Take the lines of the data below from the very first through the line containing "Visual Basic is" and output them exactly, pictures excluded.

Supplied data:
********************
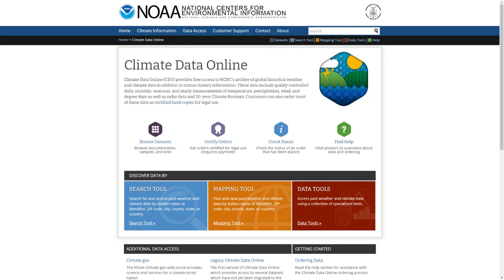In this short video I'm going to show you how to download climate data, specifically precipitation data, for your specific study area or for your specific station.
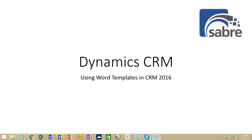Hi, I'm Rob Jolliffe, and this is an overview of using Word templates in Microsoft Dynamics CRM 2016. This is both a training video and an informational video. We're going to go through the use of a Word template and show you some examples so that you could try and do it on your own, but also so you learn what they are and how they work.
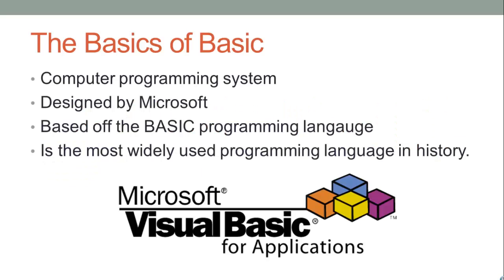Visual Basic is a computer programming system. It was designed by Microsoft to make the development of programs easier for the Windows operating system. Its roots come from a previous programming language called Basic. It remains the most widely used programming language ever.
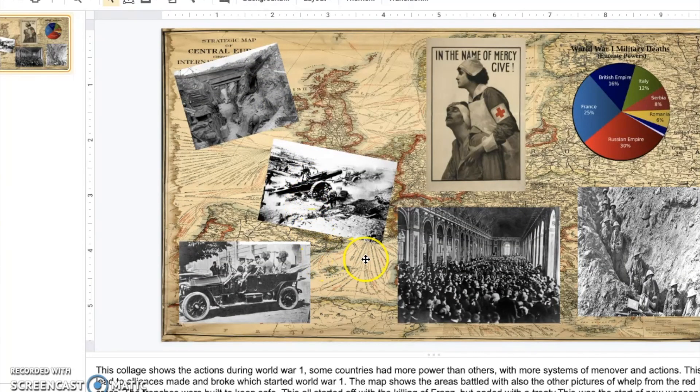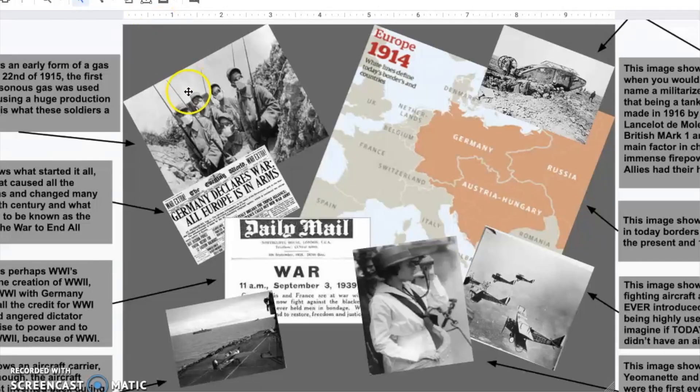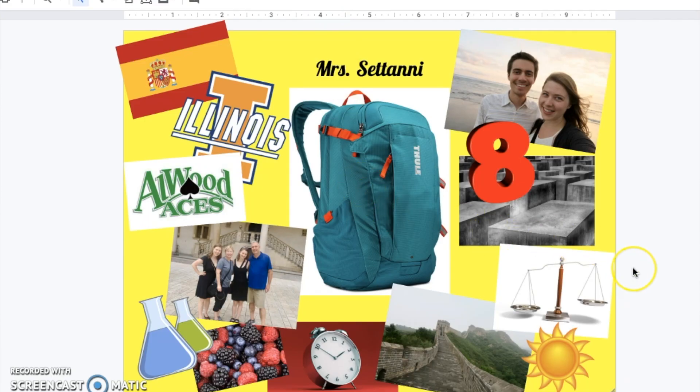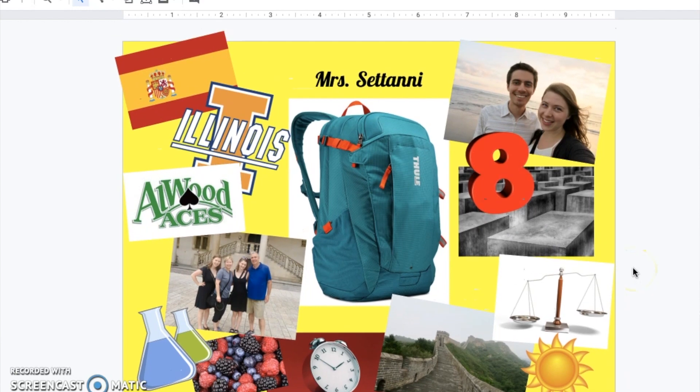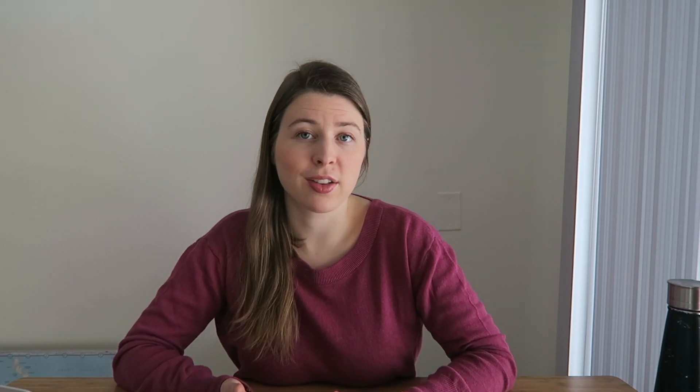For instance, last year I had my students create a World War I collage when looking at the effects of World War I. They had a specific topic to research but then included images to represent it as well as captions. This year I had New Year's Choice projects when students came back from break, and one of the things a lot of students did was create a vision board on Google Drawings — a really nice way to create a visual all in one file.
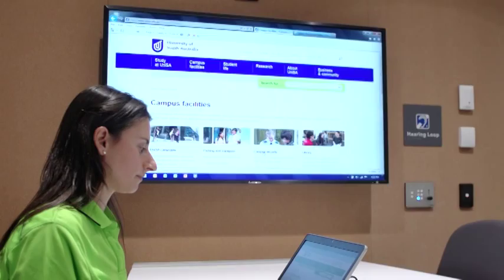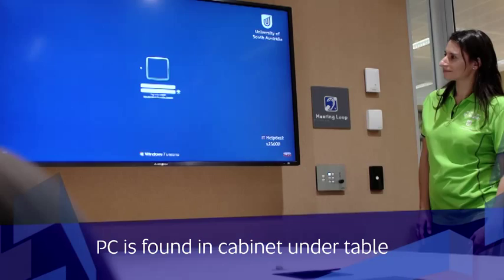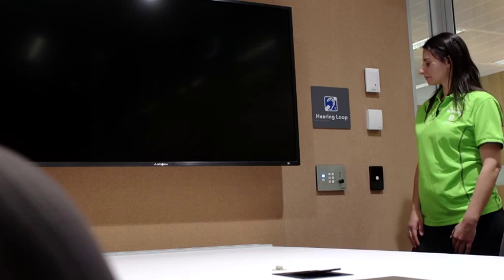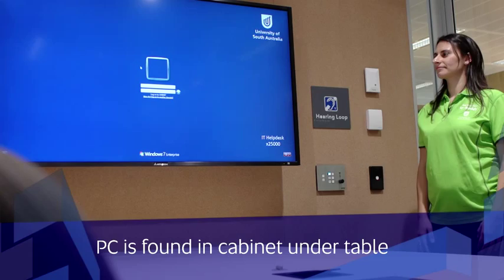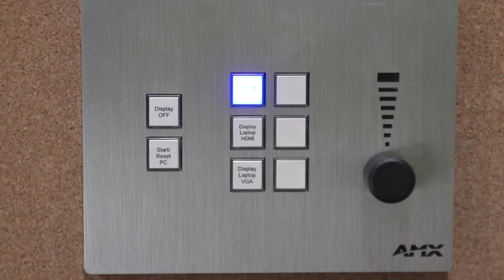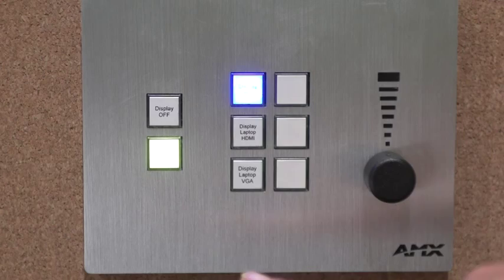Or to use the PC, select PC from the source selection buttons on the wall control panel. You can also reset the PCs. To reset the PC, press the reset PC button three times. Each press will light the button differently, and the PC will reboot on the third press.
********************
Solution to this task:
In this short video I'm going to show you how to download climate data, specifically precipitation data, for your specific study area or for your specific station.
Hi, I'm Rob Jolliffe, and this is an overview of using Word templates in Microsoft Dynamics CRM 2016. This is both a training video and an informational video. We're going to go through the use of a Word template and show you some examples so that you could try and do it on your own, but also so you learn what they are and how they work.
Visual Basic is a computer programming system. It was designed by Microsoft to make the development of programs easier for the Windows operating system. Its roots come from a previous programming language called Basic. It remains the most widely used programming language ever.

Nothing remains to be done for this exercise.